Tokenizer error and/or 'rope_scaling' problem
Hi,
I run into the problem below after i start the model in TGI. I use "meta-llama/Meta-Llama-3.1-8B-Instruct" as my tokenizer. Has somebody the same problem or know a solution?
The Error is:
ValueError: rope_scaling
must be a dictionary with two fields, type
and factor
, got {'factor': 8.0, 'low_freq_factor': 1.0, 'high_freq_factor': 4.0, 'original_max_position_embeddings': 8192, 'rope_type': 'llama3'}
2024-07-24T09:05:57.581856Z ERROR shard-manager: text_generation_launcher: Shard complete standard error output:
The tokenizer class you load from this checkpoint is not the same type as the class this function is called from. It may result in unexpected tokenization.
The tokenizer class you load from this checkpoint is 'PreTrainedTokenizerFast'.
The class this function is called from is 'LlamaTokenizer'.
You are using the default legacy behaviour of the <class 'transformers.models.llama.tokenization_llama.LlamaTokenizer'>. This is expected, and simply means that the legacy
(previous) behavior will be used so nothing changes for you. If you want to use the new behaviour, set legacy=False
. This should only be set if you understand what it means, and thoroughly read the reason why this was added as explained in https://github.com/huggingface/transformers/pull/24565
Special tokens have been added in the vocabulary, make sure the associated word embeddings are fine-tuned or trained.
what version of transformers are you using?
Be sure to update to transformers>=4.43.0
what version of transformers are you using?
Be sure to update to transformers>=4.43.0
I updated it already. After updating it i got a additional error:
if rope_scaling["type"] == "linear":
KeyError: 'type'
I also received this error even after upgrading to the most recent version of transformers...

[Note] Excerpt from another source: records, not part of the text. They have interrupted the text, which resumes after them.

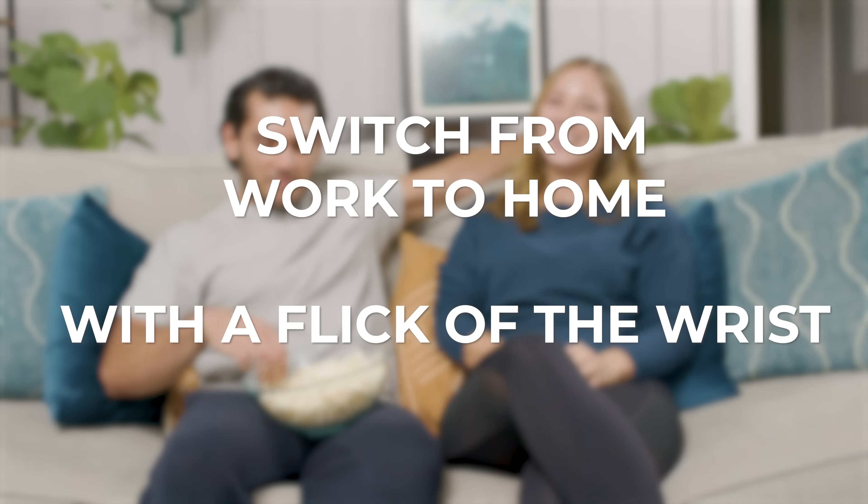Switch from work to home with a flick of the wrist. Now let's meet our founder. Hi! I'm Tomer Saran, founder of SableFlow.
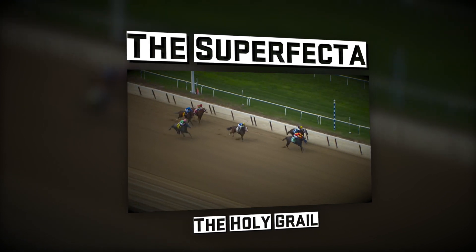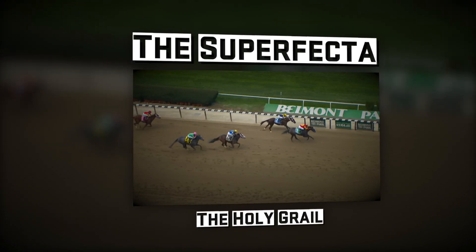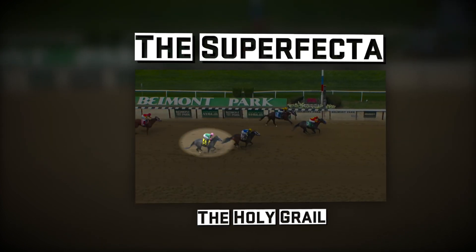Superfectas. This is one of the most challenging bets in horse racing, but it's also one of the most rewarding. To hit a Superfecta, you've got to pick the first four finishers in a race.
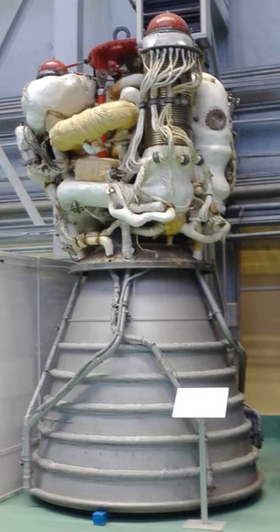RD-0120 specifications — Thrust (vacuum): 1.8639 MN (190 tons); thrust (sea level): 1.5171 MN. Specific impulse (vacuum): 454 seconds (4.45 km/s); specific impulse (sea level): 359 seconds. Burn time: nominal 480–500 s, certified for 1,670 s. Basic engine weight: 3,449 kg. Length: 4.55 m; diameter: 2.42 m. Propellants: LOX and LH2, mixture ratio 6:1. Contractor: Chemical Automatics Design Bureau. Vehicle application: Energia Core Stage.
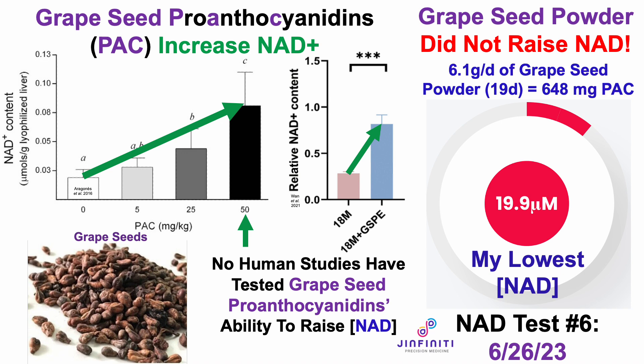To note how much grape seed powder I was taking: it was 6.1 grams per day, and I did this experiment for 19 days. In the last video, I showed published amounts of grape seed proanthocyanidin content, and based on the lowest amount — about 107 milligrams per gram of grape seed — I took in about 648 milligrams of proanthocyanidins at the lowest. It could be higher, but that's based on published values.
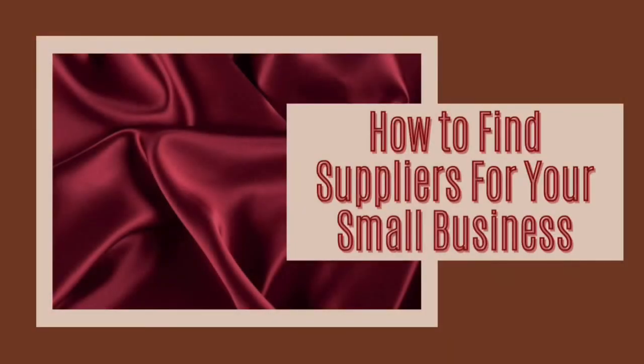Greetings users of the interweb! I am so excited today, testing a little rebranding, so let me know what you think. But today we are going to talk about how to find suppliers for your small business.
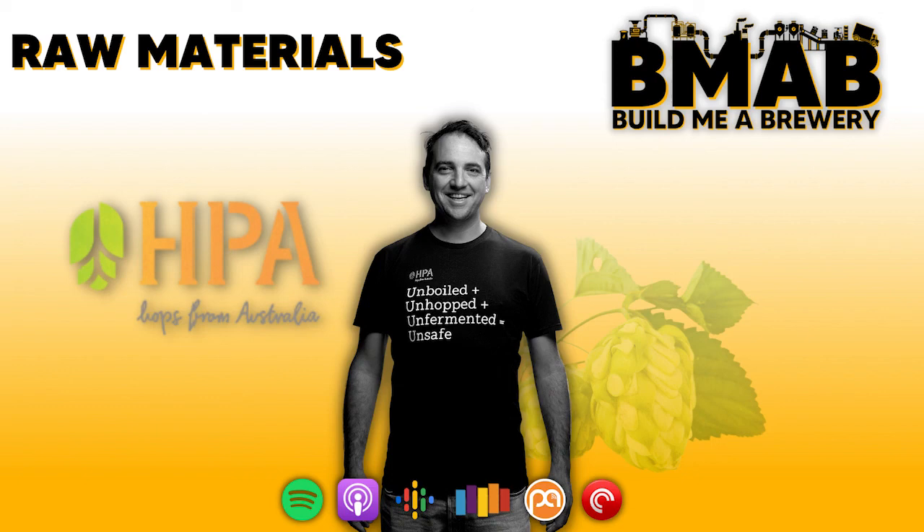Thanks for listening to the Build Me A Brewery podcast. That was part two of the Raw Materials and Ingredients Supplies segment. In the next part I chat with Avi Shavitz from Lallemand Brewing on all things yeast — the role it plays in a beer's final flavour and aroma, as well as insights around developing unique house strains. If you're enjoying the podcast, please give us a follow and rating on whatever platform you're listening on, visit our website at www.buildmeabrewery.com.au, and sign up to our mailing list for more content. I'm Chris Hayton — this is the Build Me A Brewery podcast.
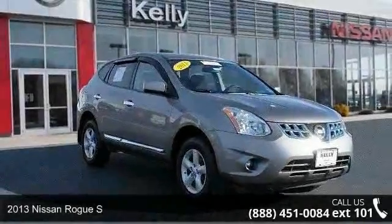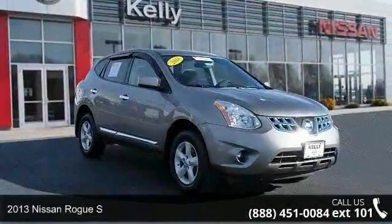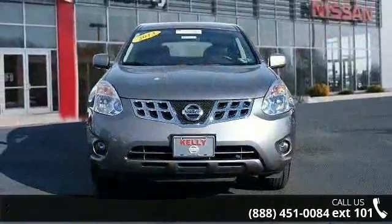Imagine yourself in this 2013 Nissan Rogue S. If you are looking for an automobile with great features, look no further.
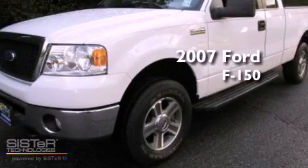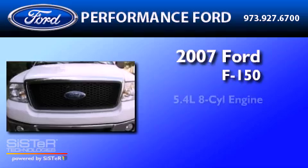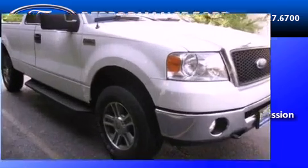This is a certified pre-owned 2007 Ford F-150. It has a 5.4-liter eight-cylinder engine, a four-speed automatic transmission, and four-wheel drive.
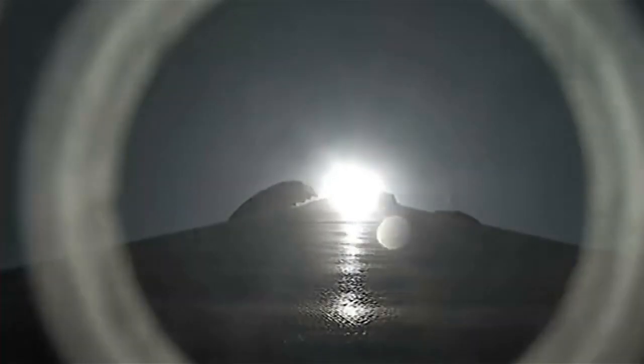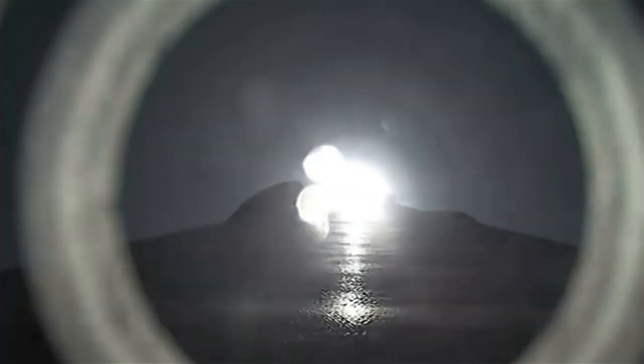At T plus 40 seconds, Falcon 9 has successfully lifted off from historic launch complex 39A in Florida. We are now coming up on max Q in just about 15 seconds or so — that is the point of maximum aerodynamic pressure that the vehicle will go through during its flight. Max Q. Great callout there. We have passed through max Q.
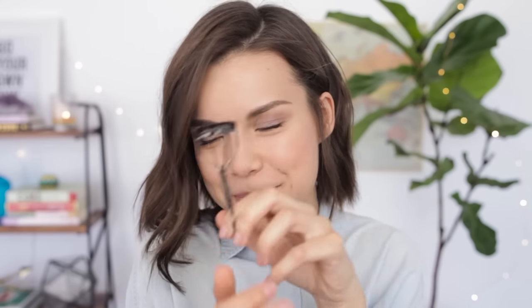I have an eyelash curler because I curl my lashes — this is from Shiseido, by the way. I really like the Shiseido eyelash curlers. I actually like them more than the Shu Uemura ones.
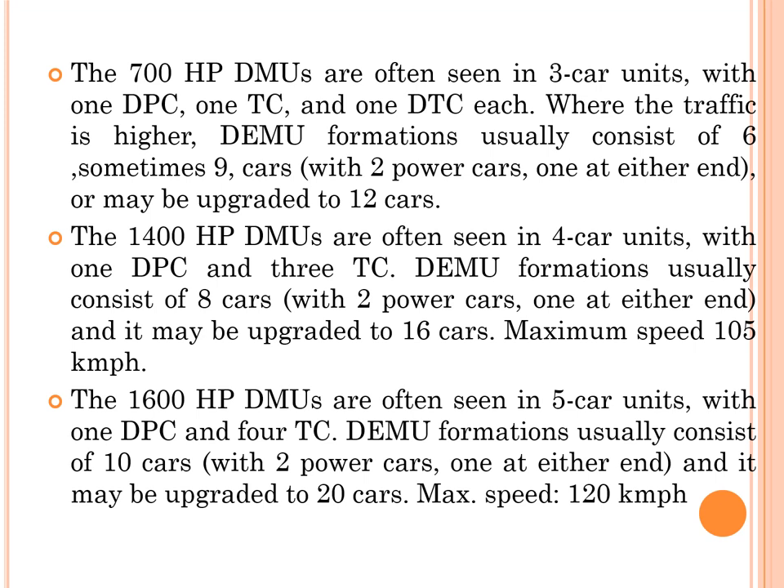As power capacity increases, the number of cars per unit can be increased. The 1600 HP DEMUs are often seen in five-car units with one DPC and four TCs. DEMU formation usually consists of 10 cars — two power cars at either end — and may be upgraded to 20 cars. Maximum permissible speed is 120 kmph.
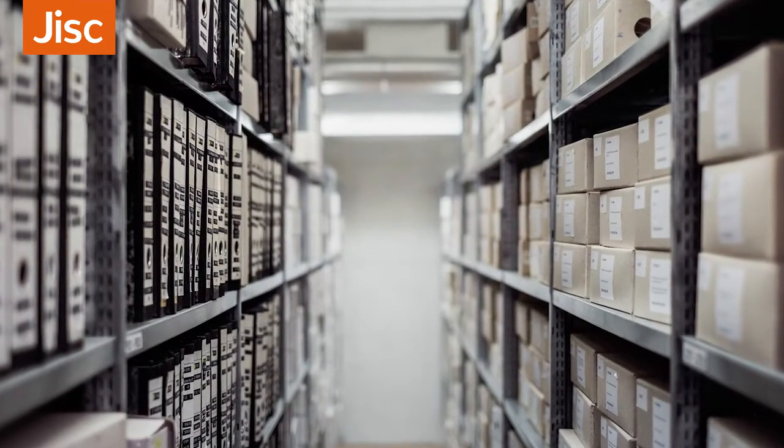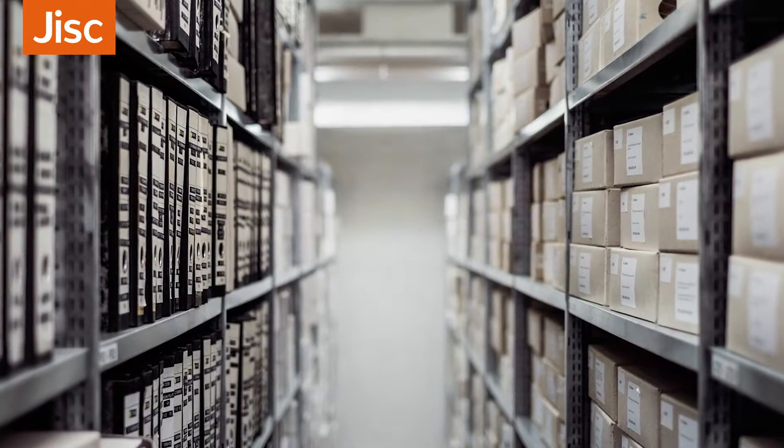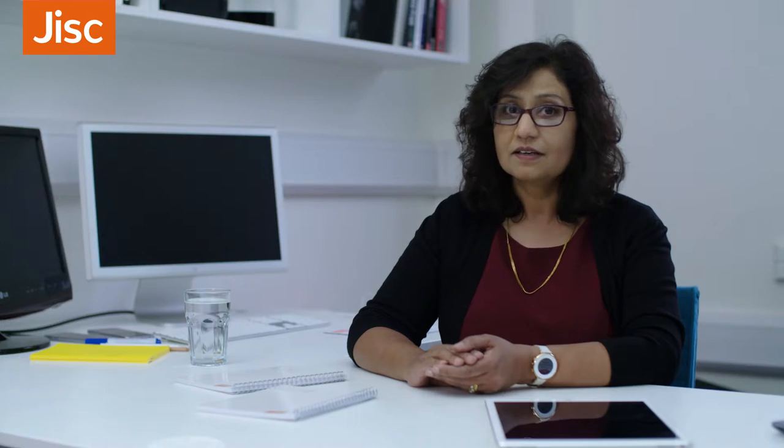If you go into a warehouse, the thing that strikes you is the structure. So it's a very structured way of storing things, and in this case data. It's got two different types of data in there. It's got data about the student — so whether they're male or female, their age, what course they're on, their grades — there's that kind of contextual data.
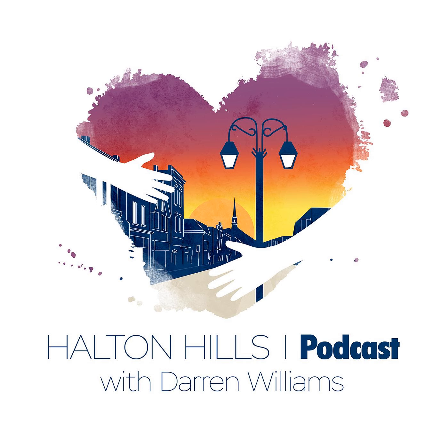Those are the tips and strategies I would suggest — it's a lot of work, but it's worth it. That's going to wrap up today's episode. I'm your host Darren Williams. Thanks for listening to the Halton Hills podcast. Visit haltonhillspodcast.com and subscribe as an insider on the right side of the page. You'll get deals of the week, secret deals, and updates on new podcast episodes. If you have an idea for the show or feedback, go to facebook.com/HaltonHillsPodcast. Until next time, take care of yourself and stay safe.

I believe that I fixed the issue. Just FYI, this only applies if you use PIP so you might have to adapt it to your installation protocol:
If you run pip install --upgrade transformers
for example, to get the latest version (currently 4.43.1) and try to run the model it'll tell you that you must install optimum
.
If you try to fix this by running the typical pip install optimum
, pip
itself will uninstall the latest version of transformers and install transformers
version 4.42.4. This is because optimum
is not officially compatible with the latest version of transformers
.
However, if you run pip install optimum --no-deps
instead it won't uninstall the latest version of transformers.
If you run pip check
it'll still show the conflict:
optimum 1.21.2 requires transformers[sentencepiece]<4.43.0,>=4.26.0, but you have transformers 4.43.1 which is incompatible.
However, my script works fine now despite this. The key is ensuring you have the latest transformers
and optimum
releases even though they're not officially compatible.
Keep in mind, I'm using bitsandbytes
in 4-bit so if you're using other nuances this might not work.